WISERD hosted an evening lecture and one-day symposium at Cardiff University this week. The event was organised jointly with the Royal Anthropological Institute, the Learned Society of Wales, and the Honourable Society of Cymmrodorion.

Social Anthropologies of the Welsh: Past and Present examined the development of social anthropology in Wales from the perspectives of both national scholarship and international engagement. The event brought together academics and those with an interest in Welsh history, the origins and development of contemporary Wales, and community studies.

The public lecture on Wednesday evening, held at the University’s Main Building, was given by Professor Dame Marilyn Strathern, FBA and Honorary Fellow, the Learned Society of Wales (University of Cambridge), on ‘The Language of Relationship: Anthropology’s Commitment to Comparison’.

The one-day symposium began with a consideration of the proto-anthropology of Gerald of Wales and went on to trace the emergence of a distinctive style of Welsh social anthropology. Folk culture and oral traditions, language and identity, music and religion all emerged as important themes throughout the discussion of Welsh social anthropology in the past. The symposium also examined the role of Welsh scholars such as Iorwerth C. Peate, William Jones, and Alwyn D. Rees.

This was followed by consideration of modern and contemporary social anthropology in Wales, in which community studies were used to examine issues of diaspora, labour and welfare, language, and identity. The symposium concluded with a keynote presentation on class, community, settlement and mobility in industrial and post-industrial south Wales by Professor Chris Hann, a Welsh anthropologist now Director of the Max Planck Institute of Social Anthropology, at Halle, Germany.

Professor Emeritus W. John Morgan of WISERD convened the symposium. He said: “The social anthropology of the Welsh has been neglected for many years, together with the contribution of Welsh academics to the subject more generally.
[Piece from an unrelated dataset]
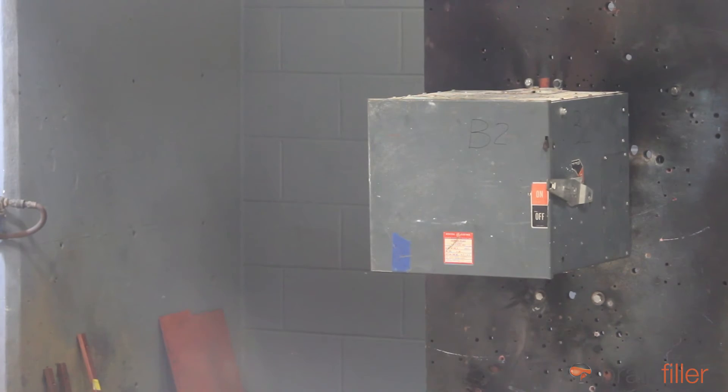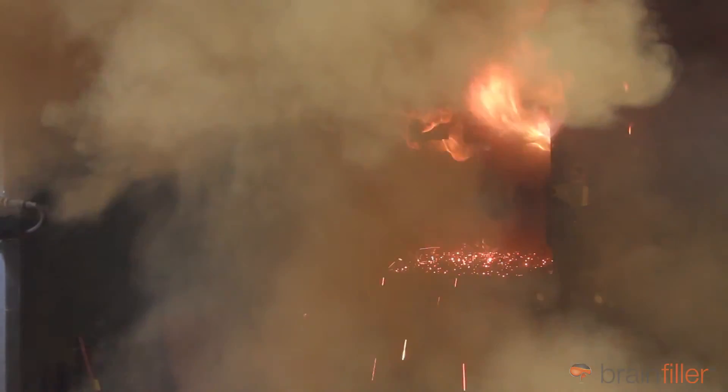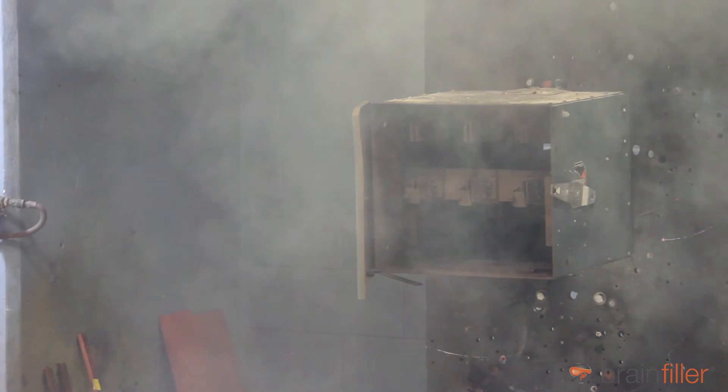Okay, let's go. 600 volts. Three, two, one. Fire in there. And the door does not offer protection.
The excellent papers we have heard revisited what was done in the past and shown what is possible now and in the future.

“I hope that the symposium with its scholarly outcome will reinvigorate anthropological research and teaching in Wales, including comparison with other cultures and communities.” Professor Dame Marilyn Strathern, whose keynote lecture emphasised this theme, described the symposium as ‘a triumph!’

The symposium papers, to be edited by W. John Morgan and Fiona Bowie, are to be published in the Royal Anthropological Institute’s Country Series, Sean Kingston Publishing, London.